Dfam-consortium / RepeatModeler

De-Novo Repeat Discovery Tool
Other
183 stars 23 forks source link

RepeatModeler runs for a long time #143

Open munegowda opened 3 years ago

munegowda commented 3 years ago

I have recently installed RepeatModeler2 from https://www.repeatmasker.org/RepeatModeler/RepeatModeler-2.0.1.tar.gz and I do not get any errors when I run it. But even after running for more than a week with any genome assembly, it does not finish. For example, I'm using RepeatModeler2 with the racoon dog assembly (renamed as HLnycPro4) from NCBI: https://ftp.ncbi.nlm.nih.gov/genomes/all/GCA/905/146/905/GCA_905146905.1_NYPRO_anot_genome/GCA_905146905.1_NYPRO_anot_genome_genomic.fna.gz and is run with the following command: RepeatModeler -pa 8 -engine ncbi -database HLnycPro4 &>>log.model.txt this has run for more than 6 days and has not yet finished. Here is the output log file log.model.txt. I'm unable to figure out why it takes an unusually long amount of time to run. I would be grateful to get any help in resolving this issue.

Thanks

jebrosen commented 3 years ago

I'm unable to figure out why it takes an unusually long amount of time to run.

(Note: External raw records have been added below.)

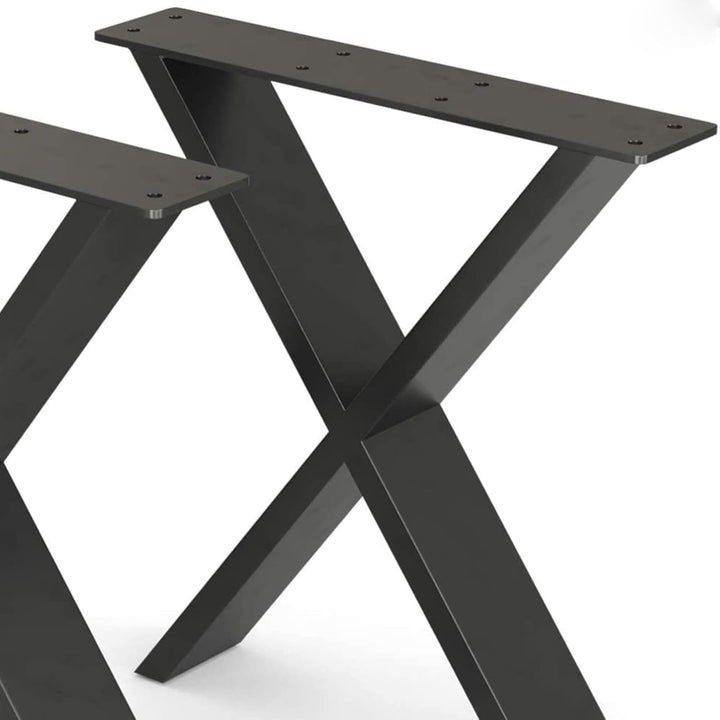[en.casa] Tischgestell Maribo 42 x 40 cm Tischkufen im 2er Set für Sitzbänke Couchtische Tischbeine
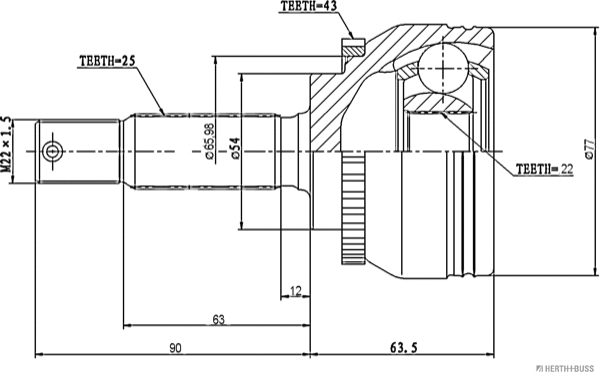 Joint Kit, drive shaft (J2825120)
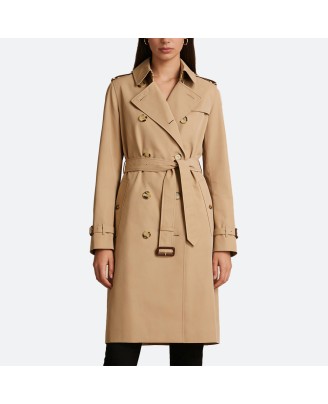 Long Collared Women's Trench Coat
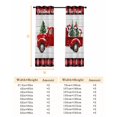thumbnail image 6 of Fsddascl Christmas Truck Blackout Curtains for Bedroom/Living Room, Thermal Insulated Kitchen Curtains, Xmas Tree Red Plaid Snowflake Vintage Grommet Darkening Window Treatment Drapes 52"x84"x2, 6 of 6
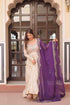 Jacquard Embroidered Gown With Dupatta - MYLUXURY LANE ENTERPRISE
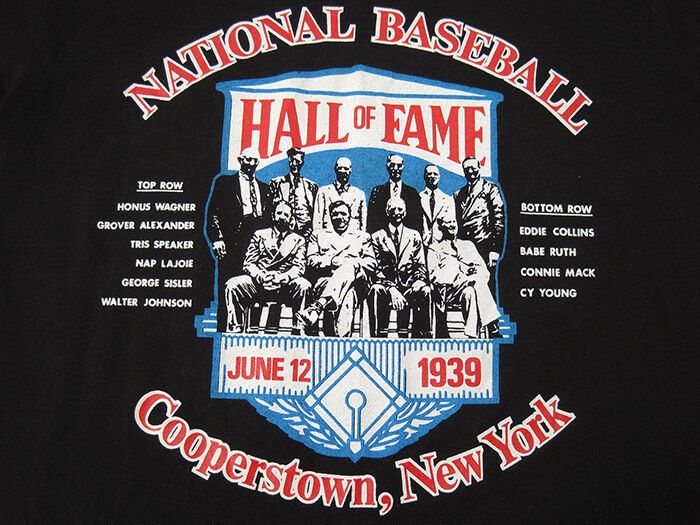 Rare!! 80S Vtg Baseball Hall Of Fame Shirt 1939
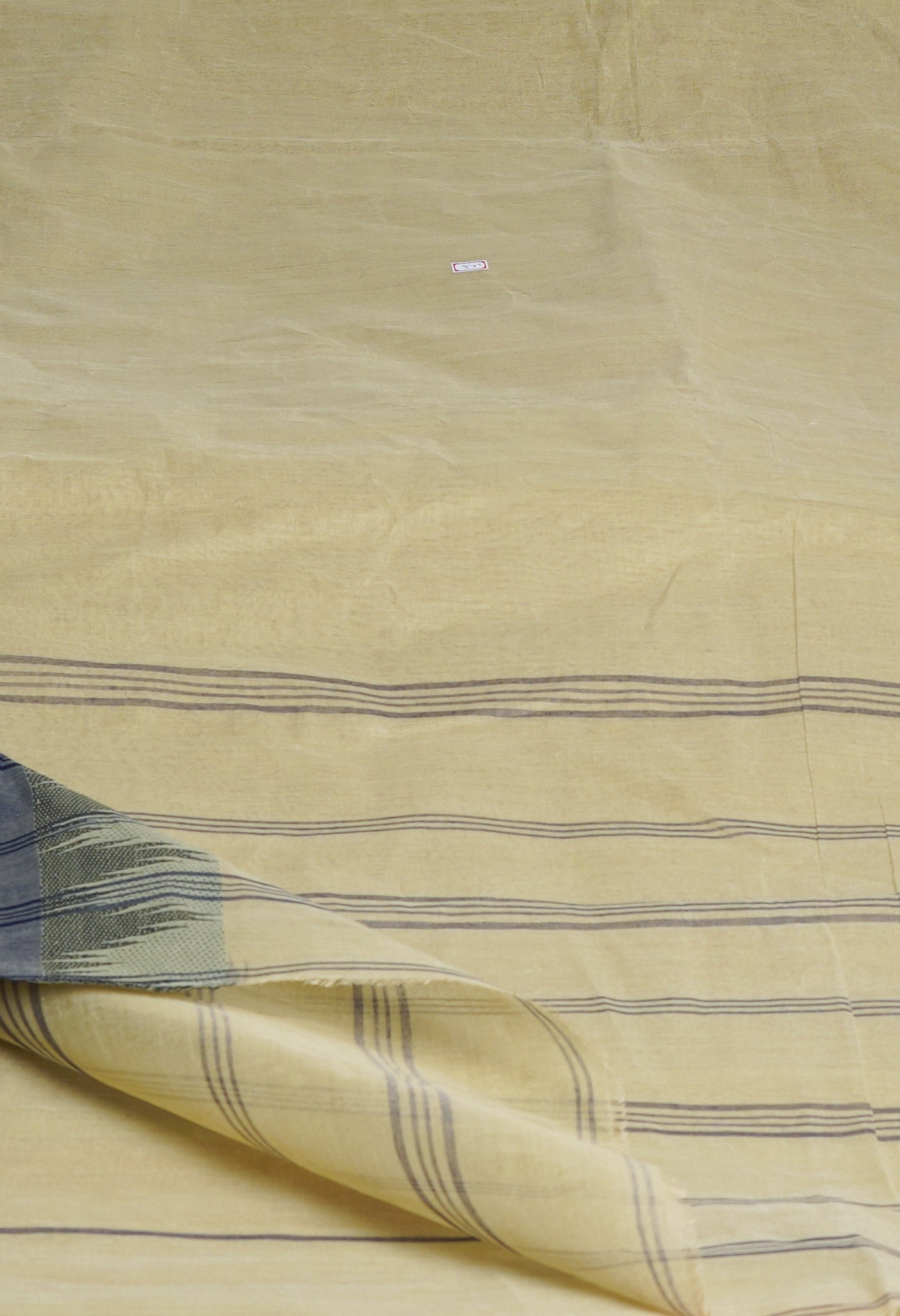 Beige Pure  Handloom Superfine Bengal Cotton Saree-UNM69628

Why do you say unusually? RepeatModeler can take quite a long time to run, although it varies between assemblies and machines.

I did notice that your log file contains two runs, the first one stopped pretty early on. The second run shows much worse disk throughput, though:

Using output directory = /beegfs/scratch/tmp/cmunegowda/TEMP_HLnycPro4_modelAndMask/RM_3134750.WedMay121145292021
Storage Throughput = fair ( 697.47 MB/s )
(...)
Using output directory = /beegfs/scratch/tmp/cmunegowda/TEMP_HLnycPro4_modelAndMask/RM_3309014.SatMay151153452021
Storage Throughput = poor ( 174.71 MB/s )
 - NOTE: Poor storage througput will have a large impact on RepeatModeler
         performance.  The low throughput observed above may be due to
         transient usage patterns on the system and may not reflect the
         actual system performance. Whenever possible run RepeatModeler
         in a directory stored on a fast local disk and not over a
         network filesytem.

RepeatModeler should indeed perform much better when run on a local filesystem instead of a network filesystem, if that is an option available to you.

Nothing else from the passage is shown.